Whose Leftovers Are They Anyway?
Why I hope the right reaction to this isn't "Sir, this is a Starbucks"
I have a new piece in Discourse Magazine that’s a little meandering and theoretical; I go from observing Starbucks employees pouring out small amounts of leftover Frappuccinos to thinking about how the internet exposes us all to each other’s quasi-private shop talk, to praising old-school Ralph Nader-style consumer advocacy.
The question I’m thinking about here is: who actually owns the small amount of leftover drink that might be…leftover, i.e. doesn’t fit in the cup size purchased? Does the store own it—entitling them, as their policy dictates, to dump the leftovers—or does the customer own it, because it was used to make the drink he ordered and paid for?
I think this is interesting. It’s one of those legal questions that never gets tested unless, I guess, a customer actually sues Starbucks over an ounce of leftover Frappuccino, and a judge actually hears the case and decides that yes, if you really have to pin down an answer, the ownership of that leftover drink really does go to one or the other party. Until then—and I don’t suppose that would ever happen—it’s just company policy against whining customers.

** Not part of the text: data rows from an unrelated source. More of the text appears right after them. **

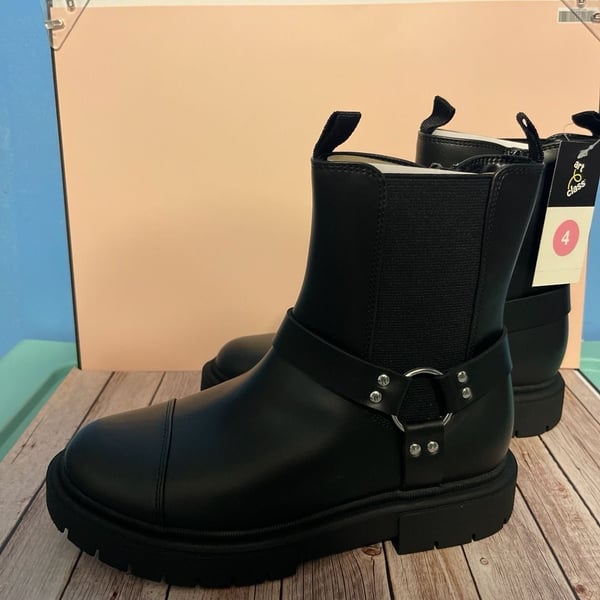 Art Class Kids Crosby Harness Moto Boots - Black
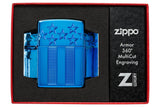 Zippo Stars and Stripes Design Carved Armor Multicut High Polish Blue 46929
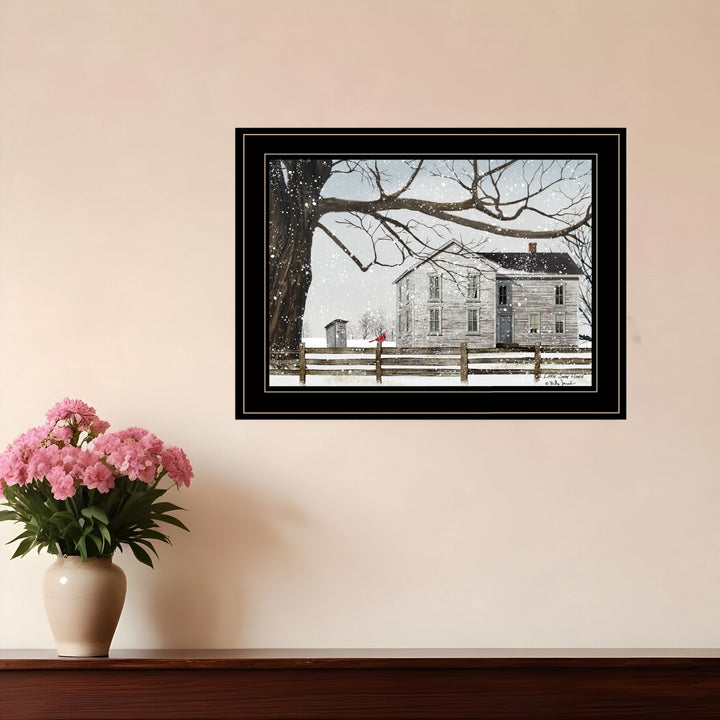 A Little Snow House 3 Black Framed Print Wall Art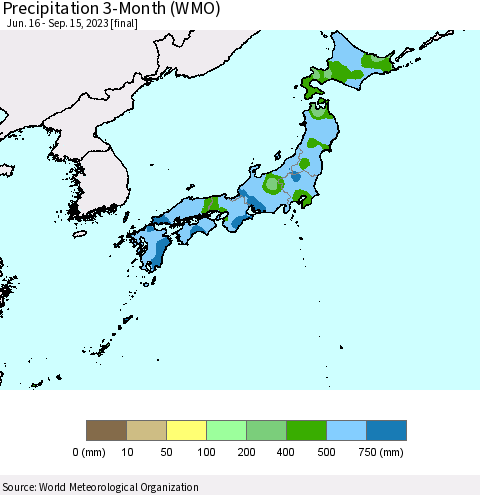Japan Precipitation 3-Month (WMO) Thematic Map For 6/16/2023 - 9/15/2023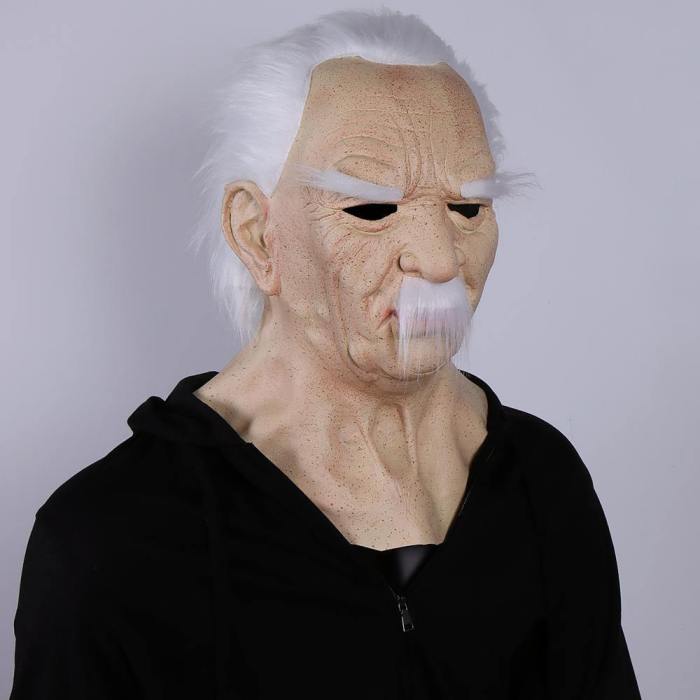Old Man White Beard With Hair Latex Helmet Halloween Cosplay Props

If you think that’s too arcane a thing to even wonder about, there are other seemingly arcane or even absurd questions that have gone before judges. I love this:
Here is a fascinating thread on X about exclusivity clauses in shopping centers—where major retailers get the terms of their lease to stipulate that no competitor will be allowed in the shopping center. They have this leverage because they’re desirable tenants to the commercial landlord.
But this can raise some very interesting questions. If the clause says, for example, “No other sandwich shops,” what’s the legal definition of “sandwich”? The thread author gives a real-life example: A bagel shop that cut the bagels in half and spread them with cream cheese was accused of selling “sandwiches” by a sandwich shop in the same center. What about a falafel shop stipulating no other “Mediterranean food”? Does that ban gyros? (What about tacos al pastor? Could a Panda Express ban a pollo a la brasa shop from selling Peruvian fried rice?) Starbucks—apropos here—will often have clauses preventing other tenants from selling espresso or coffee drinks.
Most of the time the definitional disputes over these clauses are probably settled without litigation, but sometimes it comes to that. In 2001, there was a court case settling a dispute between Panera Bread and Qdoba Mexican Grill. Panera accused Qdoba of selling “sandwiches” in violation of a no-sandwich clause; the “sandwiches” in question were burritos. The judge determined that a burrito is not a sandwich, and it came down to this: “Worcester Superior Court Judge Jeffrey A. Locke cited Webster’s Third New International Dictionary definition of a sandwich and explained that the difference comes down to two slices of bread versus one tortilla.”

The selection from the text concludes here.